After Milton’s graduation from Cambridge with a Master of Arts in July 1632, he moved back home with his parents – his father was now retired and had moved away from London to the quiet hamlet of Hammersmith. Here Milton would continue his self-study, where he thought about ‘the desire of house and family of his own’, and about ‘the desire of honour and repute and immortal fame seated in the breast of every true scholar’.
In 1634, he was asked to compose a ‘Maske’ (Masque) for the Egerton family, on the occasion of the appointment of John Egerton, the Earl of Bridgewater, as Lord President of Wales, and that it would be performed by Egerton’s young daughter and two sons, and their music teacher, Henry Lawes. Henry Lawes was also a court musician and singer, was a member of the Chapel Royal, and was receiving an annual government stipend.

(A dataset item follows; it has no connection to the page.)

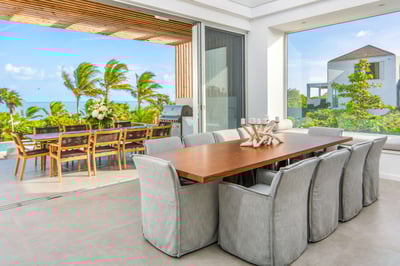 Luxury Villa Photo #8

But … why would this well-known and respected composer and musician ask an unknown and unpublished Cambridge graduate to write a masque for his well-placed employer, the Earl of Bridgewater?
One can only surmise that somehow Lawes was familiar with Milton’s poetical compositions. And one may additionally surmise that the only compositions of Milton’s that would have merited such interest from Lawes had to have been ’L’Allegro’ and ‘Il Penseroso’. And we can see and hear that the meter of these two poems is the same as the meter of ‘Comus’. Without knowing who wrote them, one can immediately tell that they are all by the same author. And perhaps, we may also surmise that Lawes wished for a masque in that same meter and also with that same youthful voice and wonderment.
From a studied reading of ‘L’Allegro’, ‘Il Penseroso’, and ‘Comus’, one can imagine that Milton’s mind lived in a world of Greek myths and stories about the gods and men. But not a world of ‘heaped Elysian flowers’ that was divorced from the real world. This can be seen in his ‘invented’ Comus – the son of Circe and Bacchus, and his troop of pleasure-seeking and pain-avoiding Bacchanalian revelers, and of Comus’s sophistry that is confronted by the young lady and her two brothers – something that might be reminiscent of Socrates fighting those sophists that tried to corrupt the Athenian youth, as likewise, did the corrupting imported cults, like Bendis.
Note: In Plato’s ‘Republic’ dialogue, in the opening meeting between Adeimantus and Polemarchus, they talk of the festival and a horse-race at night, where each rider carries a torch. This first feast to Bendis, in Athens (where she was Hellenised), is reported to have been in 429 BC, during the beginning of the Peloponnesian war.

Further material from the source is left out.